**Records excerpted from a collection:**
◇ ◇ ◇ ◇
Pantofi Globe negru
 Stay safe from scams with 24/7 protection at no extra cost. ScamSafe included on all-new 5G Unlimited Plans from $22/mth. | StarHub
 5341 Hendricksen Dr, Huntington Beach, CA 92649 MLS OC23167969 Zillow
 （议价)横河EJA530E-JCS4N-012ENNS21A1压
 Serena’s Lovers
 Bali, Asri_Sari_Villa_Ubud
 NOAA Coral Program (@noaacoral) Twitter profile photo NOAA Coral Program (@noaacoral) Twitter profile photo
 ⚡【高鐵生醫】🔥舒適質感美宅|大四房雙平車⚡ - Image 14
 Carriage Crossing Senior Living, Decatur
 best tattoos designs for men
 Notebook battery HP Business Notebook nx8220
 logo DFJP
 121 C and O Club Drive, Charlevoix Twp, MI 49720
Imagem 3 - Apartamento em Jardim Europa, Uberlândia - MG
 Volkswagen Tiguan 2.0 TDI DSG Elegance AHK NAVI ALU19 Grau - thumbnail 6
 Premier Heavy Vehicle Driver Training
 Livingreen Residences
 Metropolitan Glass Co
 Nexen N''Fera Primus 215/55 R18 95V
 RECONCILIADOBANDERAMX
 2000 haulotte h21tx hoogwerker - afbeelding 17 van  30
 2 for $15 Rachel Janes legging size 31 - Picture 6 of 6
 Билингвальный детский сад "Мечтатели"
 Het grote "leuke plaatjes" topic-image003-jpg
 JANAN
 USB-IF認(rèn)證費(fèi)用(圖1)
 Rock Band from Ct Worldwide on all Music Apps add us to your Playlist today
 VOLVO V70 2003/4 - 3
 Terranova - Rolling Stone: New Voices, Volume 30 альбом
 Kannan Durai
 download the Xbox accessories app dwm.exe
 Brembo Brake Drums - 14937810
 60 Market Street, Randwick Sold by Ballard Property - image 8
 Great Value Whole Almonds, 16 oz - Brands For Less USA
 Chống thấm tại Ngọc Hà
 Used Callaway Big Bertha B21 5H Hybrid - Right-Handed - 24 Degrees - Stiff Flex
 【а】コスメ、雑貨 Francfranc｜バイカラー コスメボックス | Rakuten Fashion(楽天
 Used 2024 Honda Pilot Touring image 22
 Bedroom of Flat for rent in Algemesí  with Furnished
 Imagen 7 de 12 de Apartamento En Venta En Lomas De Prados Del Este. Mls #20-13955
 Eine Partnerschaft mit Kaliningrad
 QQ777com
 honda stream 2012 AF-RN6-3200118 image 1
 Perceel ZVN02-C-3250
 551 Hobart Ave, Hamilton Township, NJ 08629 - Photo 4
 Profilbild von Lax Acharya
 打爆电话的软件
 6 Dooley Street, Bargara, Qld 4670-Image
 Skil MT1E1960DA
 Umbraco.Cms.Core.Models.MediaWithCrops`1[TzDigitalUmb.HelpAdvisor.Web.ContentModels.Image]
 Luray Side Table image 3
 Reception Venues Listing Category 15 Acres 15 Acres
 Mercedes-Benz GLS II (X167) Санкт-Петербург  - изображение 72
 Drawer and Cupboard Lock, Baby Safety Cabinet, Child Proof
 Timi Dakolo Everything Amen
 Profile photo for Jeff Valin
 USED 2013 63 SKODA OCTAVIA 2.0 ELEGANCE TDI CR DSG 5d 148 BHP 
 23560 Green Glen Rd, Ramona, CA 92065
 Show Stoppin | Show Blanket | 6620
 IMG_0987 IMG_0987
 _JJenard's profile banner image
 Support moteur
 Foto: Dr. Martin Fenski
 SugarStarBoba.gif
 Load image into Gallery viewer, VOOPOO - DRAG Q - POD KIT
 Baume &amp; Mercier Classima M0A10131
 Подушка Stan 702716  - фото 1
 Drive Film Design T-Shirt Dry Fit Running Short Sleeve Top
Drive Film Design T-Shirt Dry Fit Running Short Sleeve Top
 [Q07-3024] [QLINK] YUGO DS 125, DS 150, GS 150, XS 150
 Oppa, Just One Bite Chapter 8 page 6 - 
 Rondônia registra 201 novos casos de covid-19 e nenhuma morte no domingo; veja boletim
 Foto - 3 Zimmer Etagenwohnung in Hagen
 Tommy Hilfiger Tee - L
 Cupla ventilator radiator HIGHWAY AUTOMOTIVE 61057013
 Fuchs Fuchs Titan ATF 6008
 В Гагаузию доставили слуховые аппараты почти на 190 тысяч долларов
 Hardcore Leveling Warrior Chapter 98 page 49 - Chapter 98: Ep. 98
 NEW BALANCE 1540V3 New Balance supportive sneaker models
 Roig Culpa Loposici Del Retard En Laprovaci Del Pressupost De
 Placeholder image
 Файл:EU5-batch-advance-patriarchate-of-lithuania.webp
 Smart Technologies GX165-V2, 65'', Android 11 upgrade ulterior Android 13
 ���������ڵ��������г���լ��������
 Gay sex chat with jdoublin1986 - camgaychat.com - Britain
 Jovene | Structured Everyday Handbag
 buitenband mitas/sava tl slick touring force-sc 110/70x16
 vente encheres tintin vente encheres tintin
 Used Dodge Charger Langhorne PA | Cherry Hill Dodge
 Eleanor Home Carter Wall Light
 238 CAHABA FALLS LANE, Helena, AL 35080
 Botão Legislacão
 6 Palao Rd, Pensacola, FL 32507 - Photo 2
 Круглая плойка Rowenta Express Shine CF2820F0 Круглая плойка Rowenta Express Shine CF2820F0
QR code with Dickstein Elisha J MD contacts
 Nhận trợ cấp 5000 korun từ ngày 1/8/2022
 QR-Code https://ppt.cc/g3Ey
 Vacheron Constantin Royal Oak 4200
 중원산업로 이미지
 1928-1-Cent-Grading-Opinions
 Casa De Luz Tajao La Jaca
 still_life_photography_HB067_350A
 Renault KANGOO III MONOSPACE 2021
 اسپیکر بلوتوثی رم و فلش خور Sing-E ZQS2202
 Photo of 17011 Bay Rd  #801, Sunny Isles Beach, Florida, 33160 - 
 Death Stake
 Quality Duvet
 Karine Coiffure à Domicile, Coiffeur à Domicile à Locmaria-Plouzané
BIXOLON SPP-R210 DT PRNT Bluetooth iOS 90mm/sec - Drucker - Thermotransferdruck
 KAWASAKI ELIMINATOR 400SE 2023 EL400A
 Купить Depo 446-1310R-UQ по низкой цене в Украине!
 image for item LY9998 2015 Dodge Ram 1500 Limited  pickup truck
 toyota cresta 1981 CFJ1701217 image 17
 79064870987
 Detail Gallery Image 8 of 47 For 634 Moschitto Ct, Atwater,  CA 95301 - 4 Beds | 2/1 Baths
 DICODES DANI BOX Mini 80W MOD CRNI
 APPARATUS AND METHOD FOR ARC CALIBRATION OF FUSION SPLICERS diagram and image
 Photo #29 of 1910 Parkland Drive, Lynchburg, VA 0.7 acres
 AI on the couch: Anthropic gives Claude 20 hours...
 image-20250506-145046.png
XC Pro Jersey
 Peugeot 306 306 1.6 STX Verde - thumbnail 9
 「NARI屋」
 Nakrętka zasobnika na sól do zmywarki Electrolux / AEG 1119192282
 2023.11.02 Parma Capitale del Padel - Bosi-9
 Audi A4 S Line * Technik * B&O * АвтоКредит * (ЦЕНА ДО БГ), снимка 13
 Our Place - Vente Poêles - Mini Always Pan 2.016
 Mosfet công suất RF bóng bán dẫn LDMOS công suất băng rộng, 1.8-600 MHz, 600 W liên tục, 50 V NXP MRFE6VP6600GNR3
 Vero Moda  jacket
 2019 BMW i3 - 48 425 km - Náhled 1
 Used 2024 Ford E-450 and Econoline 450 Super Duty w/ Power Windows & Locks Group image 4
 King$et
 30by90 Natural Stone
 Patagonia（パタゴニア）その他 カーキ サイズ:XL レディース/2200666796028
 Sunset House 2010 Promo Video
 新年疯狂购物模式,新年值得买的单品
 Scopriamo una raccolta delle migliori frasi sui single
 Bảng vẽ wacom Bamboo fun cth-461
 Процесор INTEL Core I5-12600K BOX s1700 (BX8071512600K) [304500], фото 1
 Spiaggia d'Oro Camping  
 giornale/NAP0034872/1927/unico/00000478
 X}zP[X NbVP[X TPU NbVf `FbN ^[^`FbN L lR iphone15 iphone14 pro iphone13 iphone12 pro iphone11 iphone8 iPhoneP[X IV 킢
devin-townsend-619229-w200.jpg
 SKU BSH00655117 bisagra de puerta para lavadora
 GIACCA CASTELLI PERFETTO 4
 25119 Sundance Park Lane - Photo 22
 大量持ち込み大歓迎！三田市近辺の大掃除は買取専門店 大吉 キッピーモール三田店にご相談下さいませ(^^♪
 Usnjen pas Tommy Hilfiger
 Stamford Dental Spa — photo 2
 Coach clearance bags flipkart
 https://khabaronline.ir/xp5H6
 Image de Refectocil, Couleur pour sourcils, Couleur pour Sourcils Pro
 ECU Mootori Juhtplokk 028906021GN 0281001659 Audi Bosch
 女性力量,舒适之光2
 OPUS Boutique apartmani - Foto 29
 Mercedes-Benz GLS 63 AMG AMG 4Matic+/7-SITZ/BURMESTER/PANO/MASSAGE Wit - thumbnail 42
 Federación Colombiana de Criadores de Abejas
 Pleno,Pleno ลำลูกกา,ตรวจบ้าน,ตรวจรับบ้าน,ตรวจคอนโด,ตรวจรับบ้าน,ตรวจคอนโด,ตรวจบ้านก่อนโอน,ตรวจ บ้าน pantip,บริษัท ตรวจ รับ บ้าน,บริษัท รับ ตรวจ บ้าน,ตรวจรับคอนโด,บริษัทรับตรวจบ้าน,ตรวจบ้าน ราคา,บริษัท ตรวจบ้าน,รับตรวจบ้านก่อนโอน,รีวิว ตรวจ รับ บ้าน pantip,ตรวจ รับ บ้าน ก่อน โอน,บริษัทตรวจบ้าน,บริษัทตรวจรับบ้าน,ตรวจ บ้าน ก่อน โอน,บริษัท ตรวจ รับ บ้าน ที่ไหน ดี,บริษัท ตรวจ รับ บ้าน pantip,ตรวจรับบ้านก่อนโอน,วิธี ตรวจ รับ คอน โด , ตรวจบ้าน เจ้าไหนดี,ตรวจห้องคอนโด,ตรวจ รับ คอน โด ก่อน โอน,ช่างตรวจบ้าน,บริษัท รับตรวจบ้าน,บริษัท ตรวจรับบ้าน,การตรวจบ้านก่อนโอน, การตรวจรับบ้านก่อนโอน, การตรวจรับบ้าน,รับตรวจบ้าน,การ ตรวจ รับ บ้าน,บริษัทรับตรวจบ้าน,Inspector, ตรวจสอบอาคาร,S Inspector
◇ ◇ ◇ ◇
**PROBLEM:** The expected output is the exact run of lines from the start of the entries through the line with "Bedroom of Flat", inclusive.

**YOUR RESPONSE:**
Pantofi Globe negru
 Stay safe from scams with 24/7 protection at no extra cost. ScamSafe included on all-new 5G Unlimited Plans from $22/mth. | StarHub
 5341 Hendricksen Dr, Huntington Beach, CA 92649 MLS OC23167969 Zillow
 （议价)横河EJA530E-JCS4N-012ENNS21A1压
 Serena’s Lovers
 Bali, Asri_Sari_Villa_Ubud
 NOAA Coral Program (@noaacoral) Twitter profile photo NOAA Coral Program (@noaacoral) Twitter profile photo
 ⚡【高鐵生醫】🔥舒適質感美宅|大四房雙平車⚡ - Image 14
 Carriage Crossing Senior Living, Decatur
 best tattoos designs for men
 Notebook battery HP Business Notebook nx8220
 logo DFJP
 121 C and O Club Drive, Charlevoix Twp, MI 49720
Imagem 3 - Apartamento em Jardim Europa, Uberlândia - MG
 Volkswagen Tiguan 2.0 TDI DSG Elegance AHK NAVI ALU19 Grau - thumbnail 6
 Premier Heavy Vehicle Driver Training
 Livingreen Residences
 Metropolitan Glass Co
 Nexen N''Fera Primus 215/55 R18 95V
 RECONCILIADOBANDERAMX
 2000 haulotte h21tx hoogwerker - afbeelding 17 van  30
 2 for $15 Rachel Janes legging size 31 - Picture 6 of 6
 Билингвальный детский сад "Мечтатели"
 Het grote "leuke plaatjes" topic-image003-jpg
 JANAN
 USB-IF認(rèn)證費(fèi)用(圖1)
 Rock Band from Ct Worldwide on all Music Apps add us to your Playlist today
 VOLVO V70 2003/4 - 3
 Terranova - Rolling Stone: New Voices, Volume 30 альбом
 Kannan Durai
 download the Xbox accessories app dwm.exe
 Brembo Brake Drums - 14937810
 60 Market Street, Randwick Sold by Ballard Property - image 8
 Great Value Whole Almonds, 16 oz - Brands For Less USA
 Chống thấm tại Ngọc Hà
 Used Callaway Big Bertha B21 5H Hybrid - Right-Handed - 24 Degrees - Stiff Flex
 【а】コスメ、雑貨 Francfranc｜バイカラー コスメボックス | Rakuten Fashion(楽天
 Used 2024 Honda Pilot Touring image 22
 Bedroom of Flat for rent in Algemesí  with Furnished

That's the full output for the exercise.